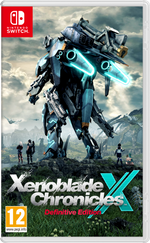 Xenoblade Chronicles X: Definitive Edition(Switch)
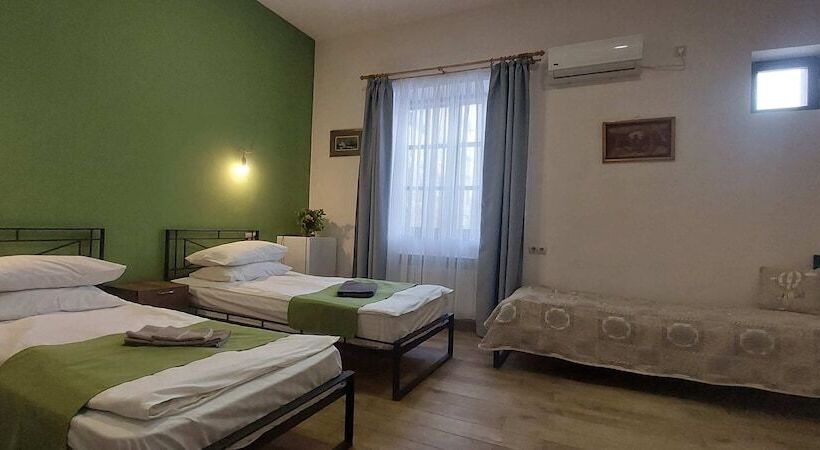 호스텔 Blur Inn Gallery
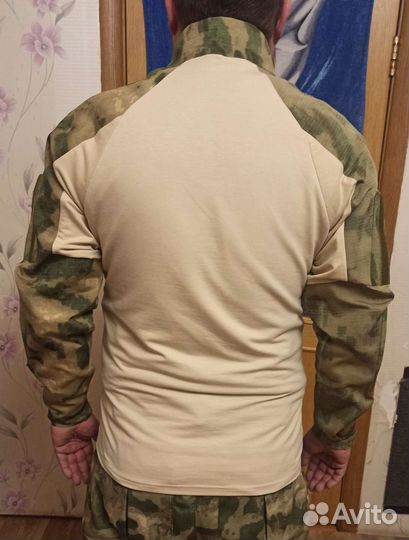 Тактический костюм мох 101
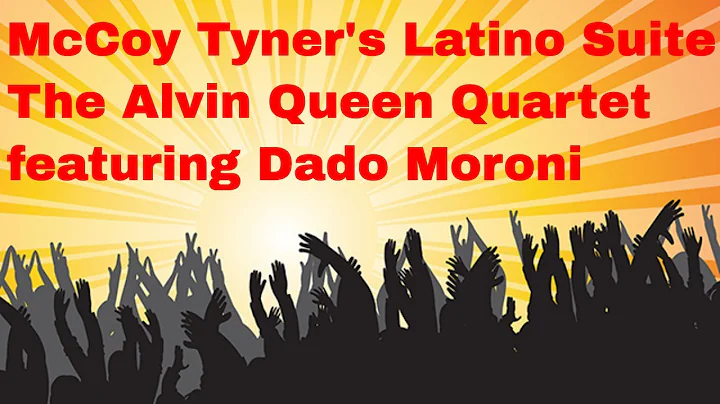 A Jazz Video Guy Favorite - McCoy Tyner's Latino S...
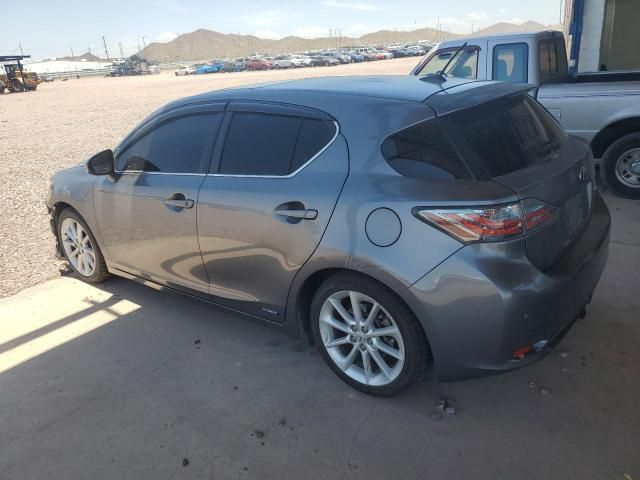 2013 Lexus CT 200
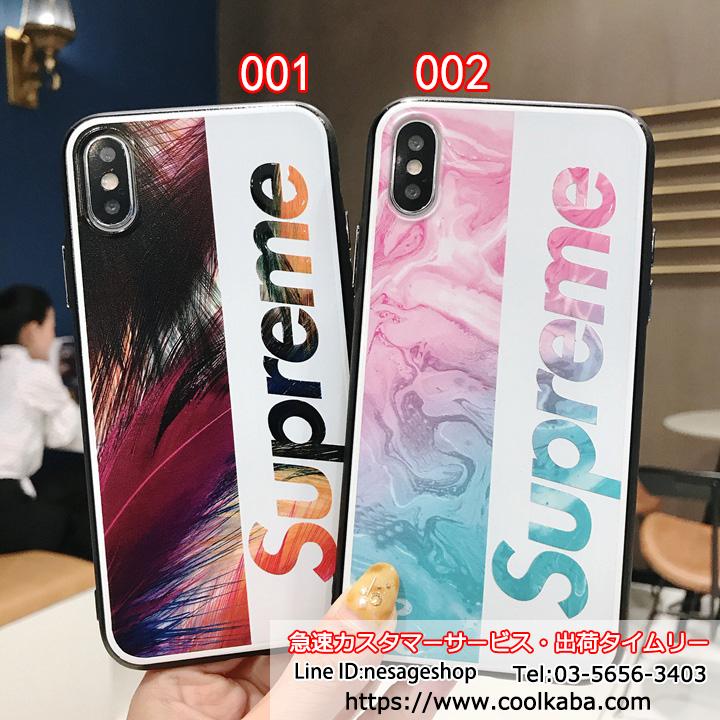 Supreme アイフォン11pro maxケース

-*-*-

▶ _ACTIVITY_
Your job is to repeat the data exactly, leaving each picture out.

▶ _RESPONSE AREA_
 Xenoblade Chronicles X: Definitive Edition(Switch)
 호스텔 Blur Inn Gallery
 Тактический костюм мох 101
 A Jazz Video Guy Favorite - McCoy Tyner's Latino S...
 2013 Lexus CT 200
 Supreme アイフォン11pro maxケース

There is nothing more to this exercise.